Data Start Marker

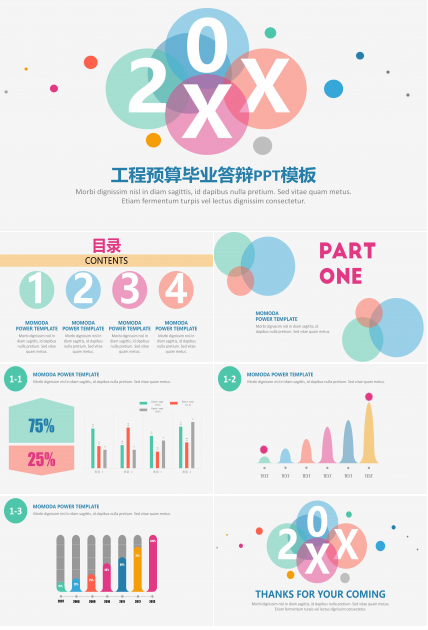 工程预算毕业答辩ppt模板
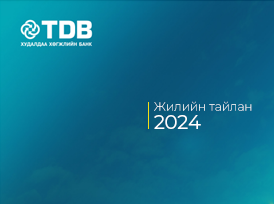 2024 report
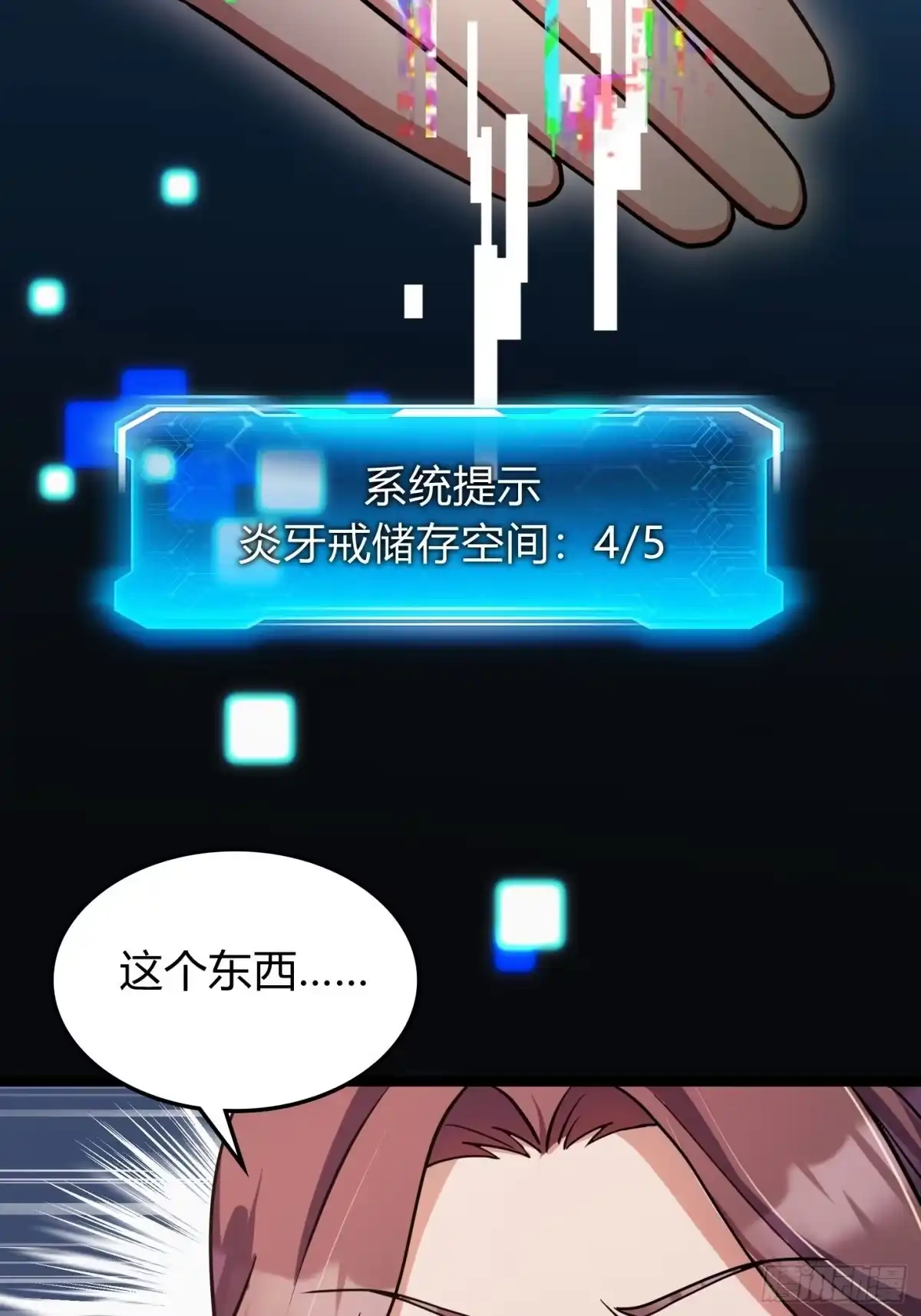 007计划之内，自由野外-重生之战士为王-二胡藏剑（第7张）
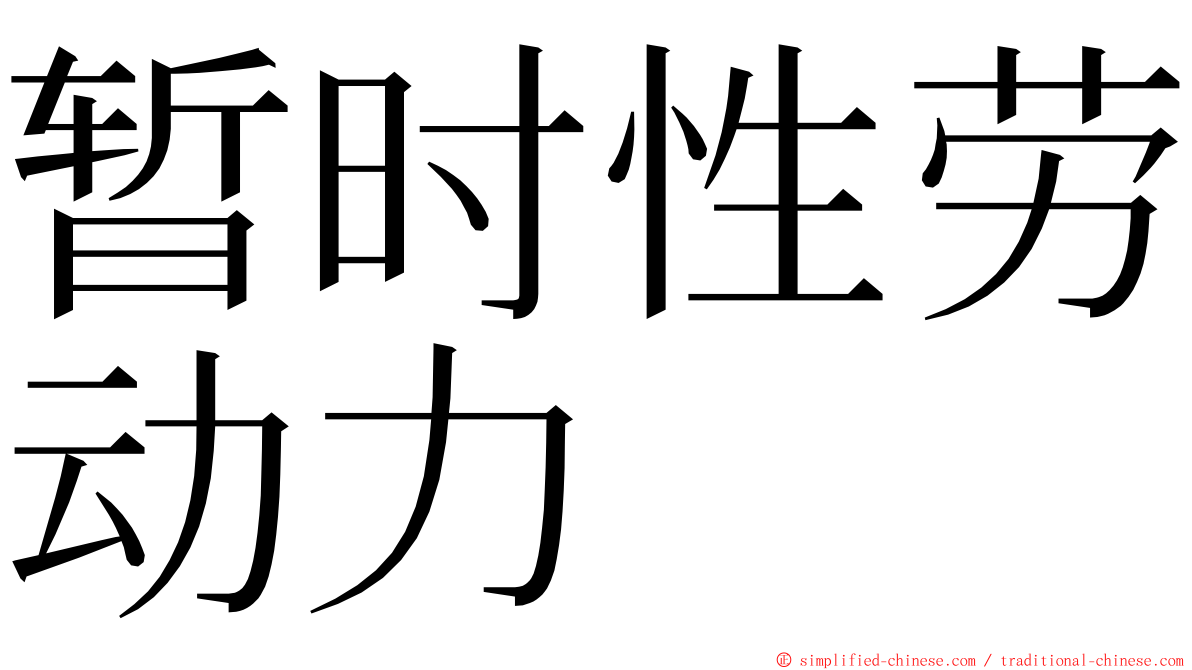 暂时性劳动力 ming font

Data End Marker

Instructions to follow |
Please write out all of the data verbatim, with no pictures in the copy.

Reply to the task |
 工程预算毕业答辩ppt模板
 2024 report
 007计划之内，自由野外-重生之战士为王-二胡藏剑（第7张）
 暂时性劳动力 ming font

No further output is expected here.